Players 1 and 2 are bargaining over how to split $\$10$. Each player names an amount $s_i$, between 0 and 10 for herself. These numbers do not have to be in whole dollar units. The choices are made simultaneously. Each player's payoff is equal to her own money payoff. In all the cases below, if $s_1+s_2\leq 10$, then the players get the amounts they named (and the remainder is destroyed).
(a) In the first case, if $s_1+s_2 >10$, then both players get zero and the money is destroyed.
(b) In the second case, if $s_1+s_2 >10$ and the amounts named are different, then the person who names the smaller amount gets that amount and the other person gets the remaining money. If $s_1+s_2 >10$ and $s_1=s_2$, then both players get $\$5$.
(c) In the third case, the games (a) and (b) must be played such that only integer dollar amounts can be named by both players.
Determine the pure strategy Nash Equilibria for all games (a) – (c).
I'm pretty sure I've figured out (a), noting that if player 2 chooses a strategy such that $0 \leq s_2 < 10$, the best response of player 1 is $BR_1(s_2) = 10- s_2$. If $s_2 = 10$, then $BR_1(s_2) = [0,10]$ since the payoff is $0$ regardless. The same holds for player 2. The Nash Equilibria is the intersection of the BR lines, and occur at $(10,10)$ and the line $s_1+s_2=10$.
For (b), my thought is that if player 2 chooses $s_2 \leq 5$, then $BR_1(s_2) = 10-s_2$ as in (a). However, if $s_2 > 5$, I feel that $BR_1(s_2) = s_2 -\epsilon$ for some very small $\epsilon >0$. This way, the total amount will be over $\$10$, but player 1 will have the smaller amount and thus get his money. However, I'm not sure if this is right or how to find the Nash Equilibrium in this case. Any help would be greatly appreciated.
Best Answer
This was just bumped to the homepage by Community ♦ because it had only unvoted answers.
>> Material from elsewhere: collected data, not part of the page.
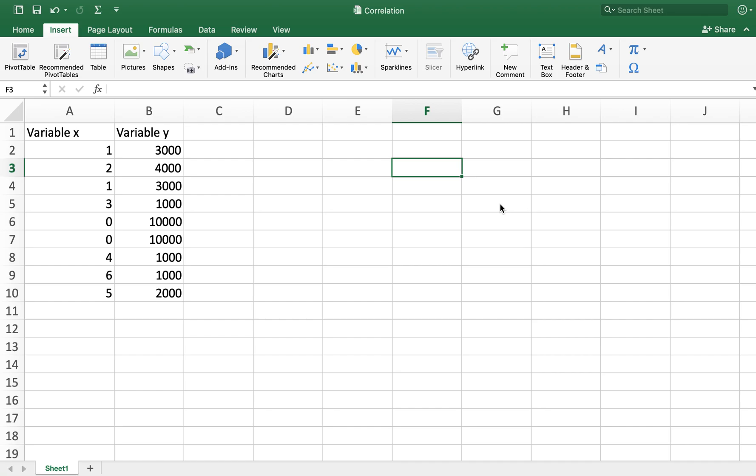In this video, I will be calculating the correlation coefficient between variable X and variable Y. Before that, I'd like to discuss a little bit about what is correlation.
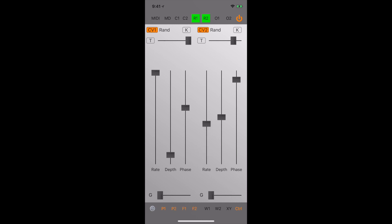If we turn everything on and crank it up, things get nuts.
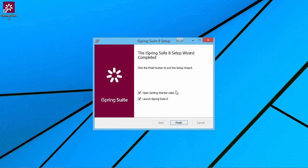After the wizard is complete, you can view a Getting Started video and launch iSpring Suite right away. To launch it later, just click the icon on the desktop.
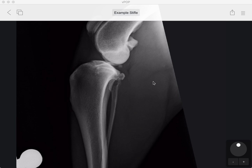In this video we're going to be learning how to use the circle tool and the common tangent method for measuring advancements in TTAs.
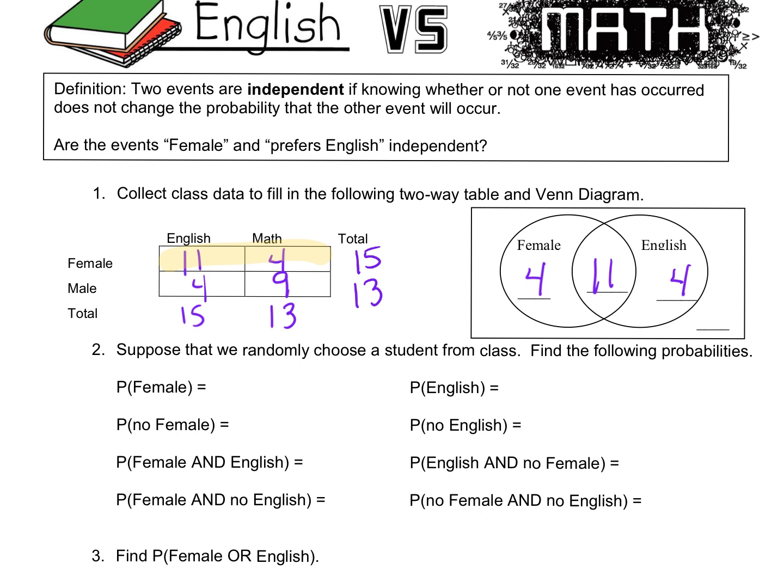From this Venn diagram, we can randomly choose a student from the class and figure out the probability of picking a female. It's the number of females over the total. You've got column and row totals — when you add the row total, 15 plus 13, you get 28. When you add the column down here, 15 plus 13 is also 28. So it's out of 28 total — that's how many people are in the class.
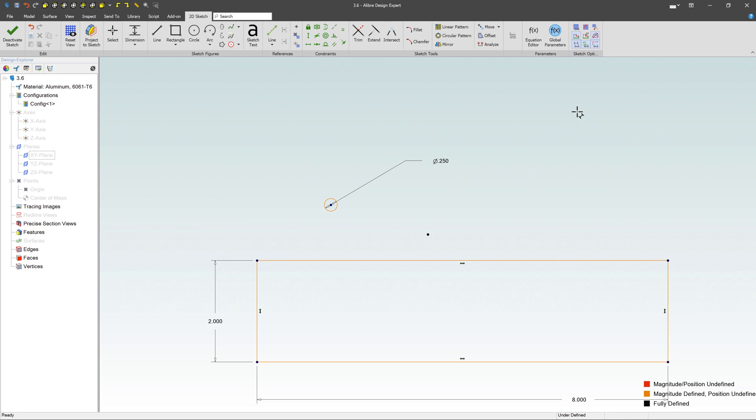And again, if you want to use multiple parts, all with those same equations, using those global parameters are great because once you have that file stored on your file system, you can link that to as many designs as you want.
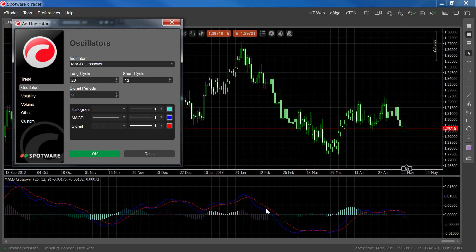The signal line, which is this red dotted line here, is the EMA of the MACD line, plotted according to the past number of MACD values entered in the signal periods. Finally, the histogram shows the difference between the MACD line and the signal line. The MACD line fluctuates above and below the zero level, as the difference between the long cycle and short cycle EMAs increases and decreases.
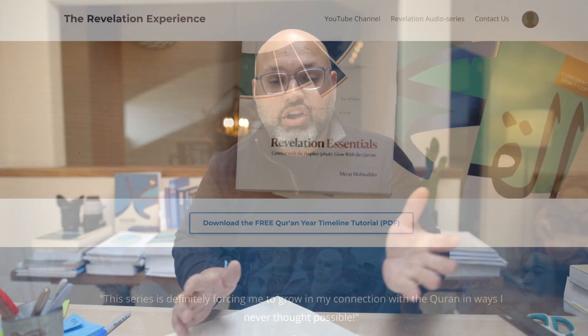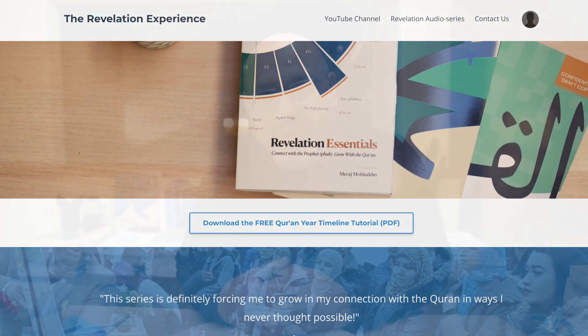I'll also be talking about some cool tips and tricks for how the Quran Year Timeline can be useful when navigating years, ages of the Prophet, Gregorian years, and more — we'll get to all of that in the next episode. If you want more information about the Revelation Experience and my books — Revelation Essentials and the story of the Prophet Muhammad — you can go to my website, therevelationexperience.com. It's wonderful being with you. I will see you guys soon, insha'Allah. As-salamu alaykum.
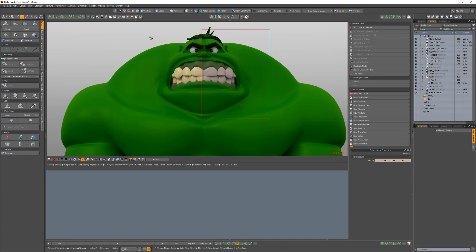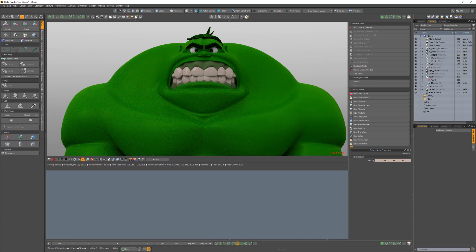Left-click and drag to redefine the region, or right-click in the viewport to cancel the render region. Use the Render Region option to enhance refinement of your rendering.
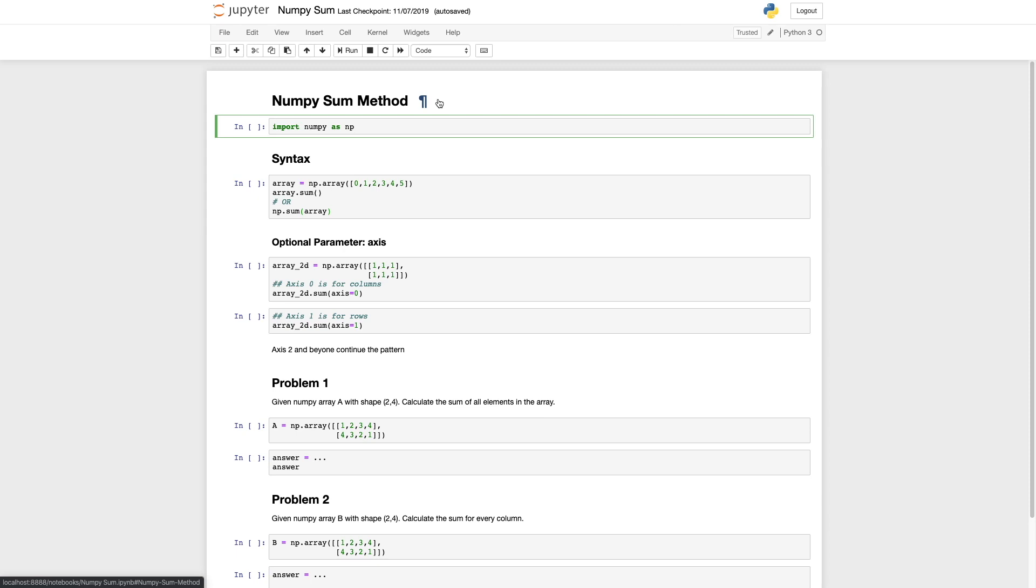Hello and welcome. Today we'll be going over numpy sum. Let's get started.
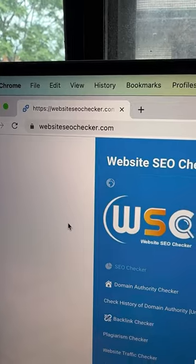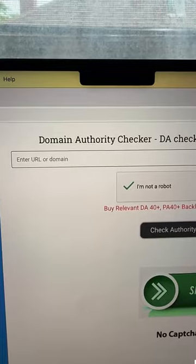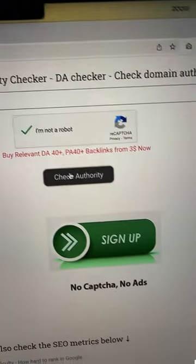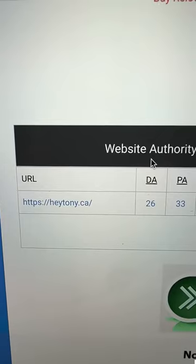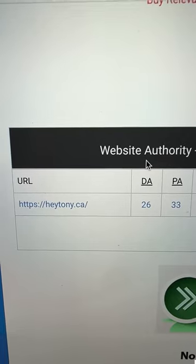Go to websiteseochecker.com, then click Domain Authority Checker. Paste in your domain. Click Check Authority. Now you can see your credibility score, also known as Domain Authority.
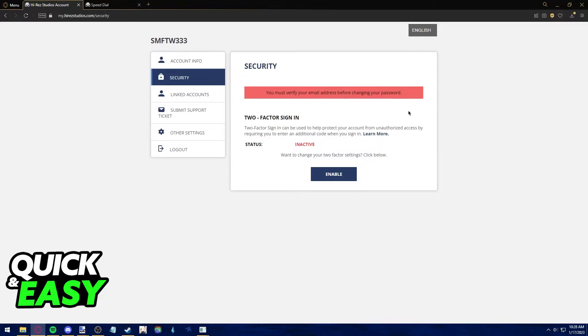It will ask you to log in, and after you input your username and password, you will be redirected to this page.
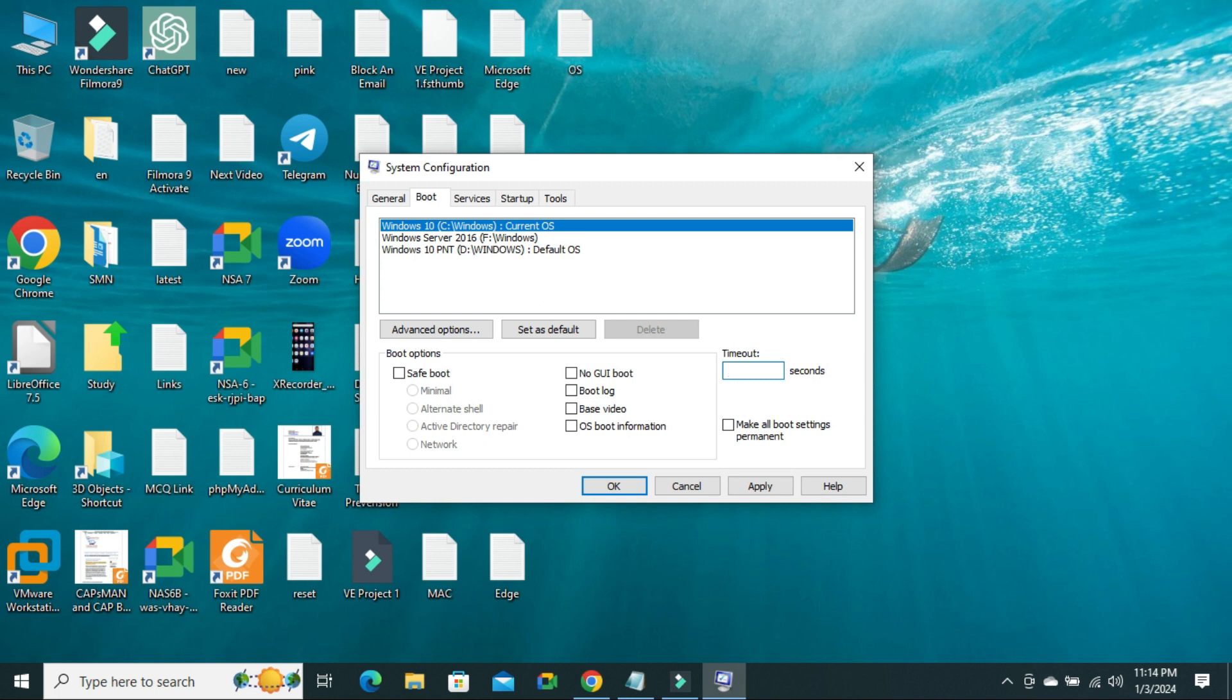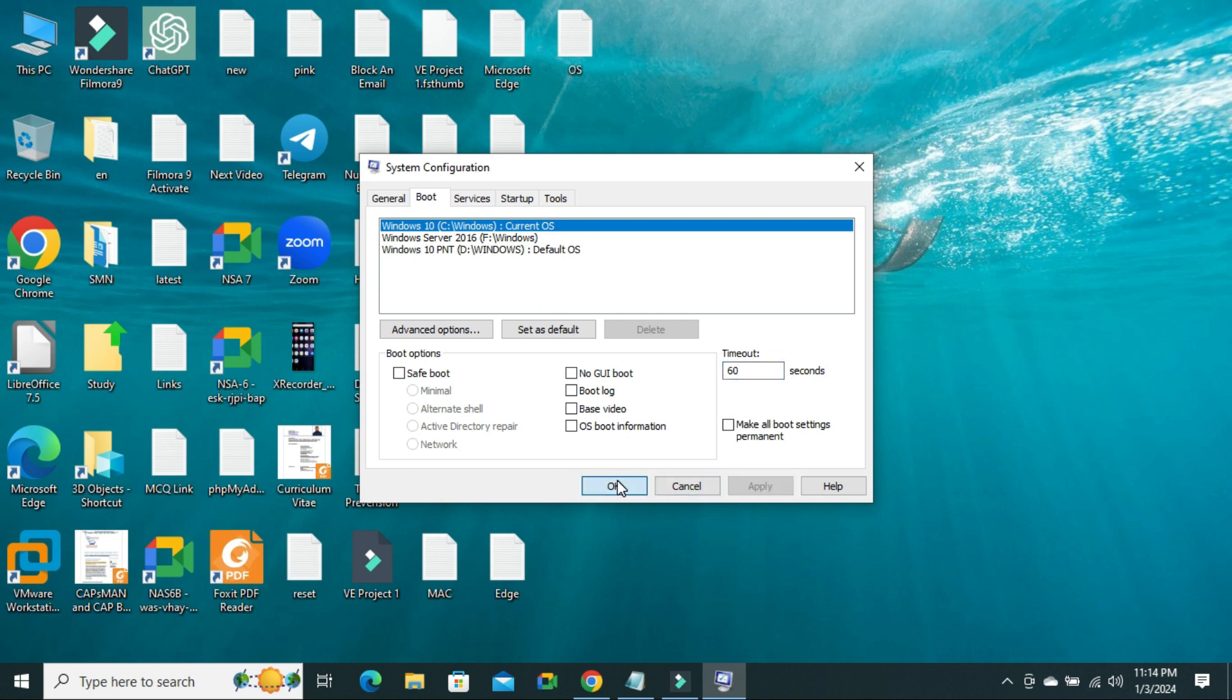I am going to set 60 seconds, and now click on apply, then click on OK.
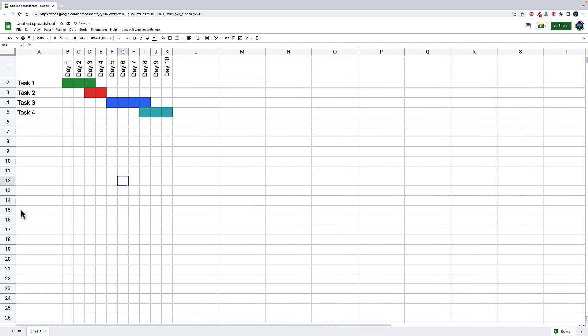So that's a really quick and easy way to create a Gantt chart inside of Google Sheets without going through a whole bunch of fancy other stuff that Google Sheets is very capable of doing. I'll see you later.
Since it turns out that these were wrong, here's a new one:
In (b), every strategy below $\$5$ is strictly dominated by $\$5$, since that always wins exactly $\$5$ independent of the other player's strategy.
On the other hand, no strategy above $\$5$ has a best response. If $s_1\gt5$, then if $s_2\ge s_1$, Player $2$ can improve by switching to $s_2=s_1-\epsilon$; whereas if $s_2\lt s_1$, Player $2$ can improve by switching to $\frac{s_1+s_2}2$.
Thus the only pure-strategy Nash equilibrium is $(5,5)$, where deviating in either direction reduces the payoff.